There's lots of little jobs around the bike getting on with. This one is the dynamo cork gasket which I bought from eBay. It was a little big and needed 3/8" taking out of the circumference.
Tuesday, 12 November 2024
FH - various jobs
Monday, 11 November 2024
FH - ignition timing
Edging ever closer towards first start, I diverted myself from wiring activities to time the ignition.
Regular readers will know the rocker box isn't fitted yet, and I can tell you that it's much easier to set the engine in position for ignition timing without pressure from the valve springs trying to restrain you.
As I've fitted 7.25:1 pistons to this machine, I am timing it to Cyclone specification - 3/8" BTDC at maximum advance in place of the 11/32" for the home market models. here it is on the ubiquitous Wagamama chopstick, of which I have hundreds:
With a green Rizla in the points, I can rotate the magneto until the paper just loosens in the points.
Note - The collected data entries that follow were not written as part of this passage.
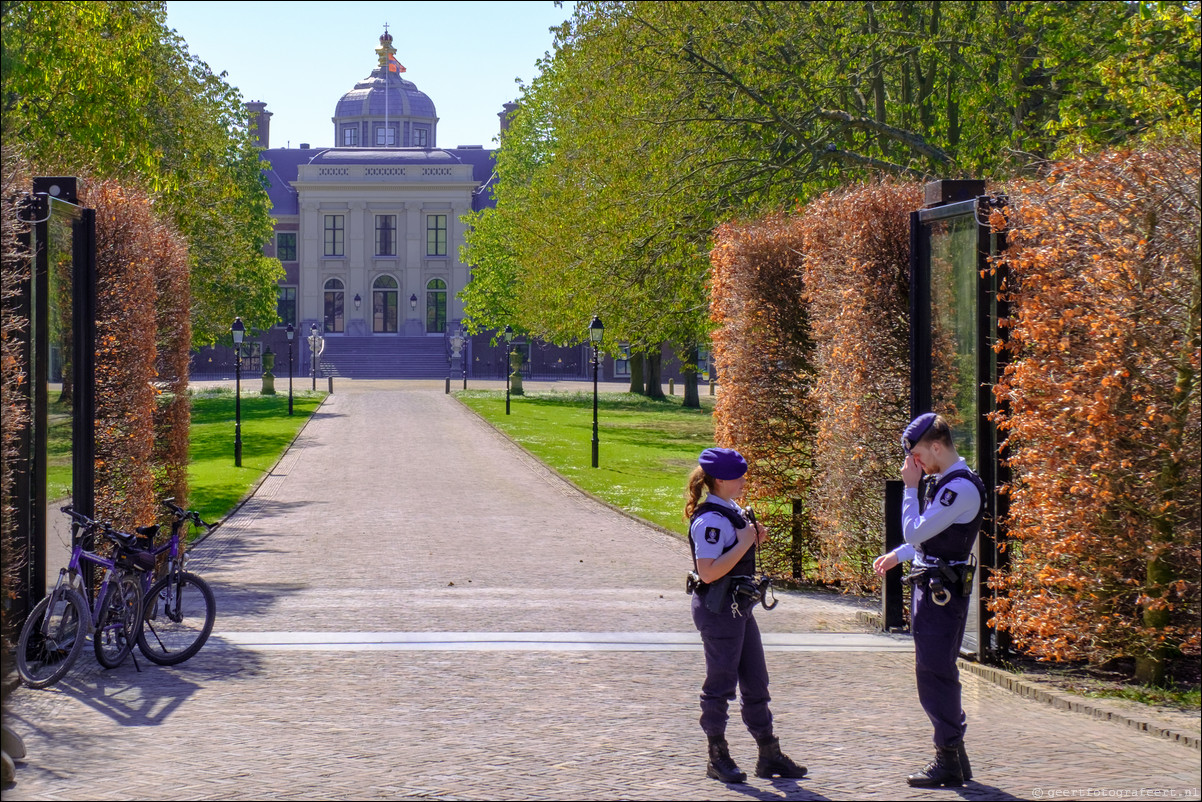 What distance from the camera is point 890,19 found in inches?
826

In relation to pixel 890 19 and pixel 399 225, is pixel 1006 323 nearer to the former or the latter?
pixel 890 19

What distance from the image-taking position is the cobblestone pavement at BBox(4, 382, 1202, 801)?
6.18 metres

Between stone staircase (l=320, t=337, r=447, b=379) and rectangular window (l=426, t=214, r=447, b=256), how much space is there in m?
8.59

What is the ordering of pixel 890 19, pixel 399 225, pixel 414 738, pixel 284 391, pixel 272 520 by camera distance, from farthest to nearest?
pixel 399 225 < pixel 284 391 < pixel 890 19 < pixel 272 520 < pixel 414 738

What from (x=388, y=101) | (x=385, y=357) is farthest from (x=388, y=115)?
(x=385, y=357)

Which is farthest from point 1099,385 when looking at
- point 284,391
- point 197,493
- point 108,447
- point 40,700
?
point 284,391

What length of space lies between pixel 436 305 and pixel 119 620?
8157cm

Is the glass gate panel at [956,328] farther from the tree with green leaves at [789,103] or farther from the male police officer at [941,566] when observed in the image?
the tree with green leaves at [789,103]

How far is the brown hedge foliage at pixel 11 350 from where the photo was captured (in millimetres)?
8008

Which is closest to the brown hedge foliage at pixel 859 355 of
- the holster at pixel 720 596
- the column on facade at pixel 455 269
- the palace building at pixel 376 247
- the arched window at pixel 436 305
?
the holster at pixel 720 596

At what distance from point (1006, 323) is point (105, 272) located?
7.68 meters

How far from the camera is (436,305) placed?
89.8 metres

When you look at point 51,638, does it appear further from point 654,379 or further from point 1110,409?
point 654,379

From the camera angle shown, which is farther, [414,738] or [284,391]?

It's useful to have a 4 BA spanner available to just hold the magneto shaft on that central bolt while you gingerly tighten up the ATD nut from the other side. With the petrol tank off, it's easy to reach the magneto from the timing side of the bike.
Next, fully tighten the ATD nut. You can then back the engine off and come back up to 3/8" BTDC; if the Rizla is just coming loose in the points (with the ATD still clamped to full advance), you are good to go.
Sunday, 10 November 2024
FH - more wiring
Wiring jobs are plodding on at the moment. This next picture shows the splice that I have made to provide a battery feed to the horn and stop switch. It's quite difficult to follow the original wiring diagram and make all of these connections at the battery terminal with modern VRLA batteries with their tiny spade terminals.
It's soldered and covered with heat shrink sleeving.
Friday, 8 November 2024
FH - wiring harness
I'm not going to blog the complete build of the wiring harness, because I've done that a few times already for the Square and the W/NG. What I will do is show you a few details of the harness as it comes together.
This picture shows the arrangement around the back of the toolbox. From the main harness there are branches going to the horn, to the regulator, to the battery and to the stop switch.
I will probably add a series of bullet connectors to allow me to separate the main harness from the harness going to the rear mudguard.
This next picture shows the main earth cable to the rear which splits into three near the indicators. There is a soldered splice under that heat shrink.
This picture shows the harness going to the rear of the bike with that soldered splice and the wires to the indicators and the rear lamp all covered with PVC sleeving, with a heat shrink section around the joint.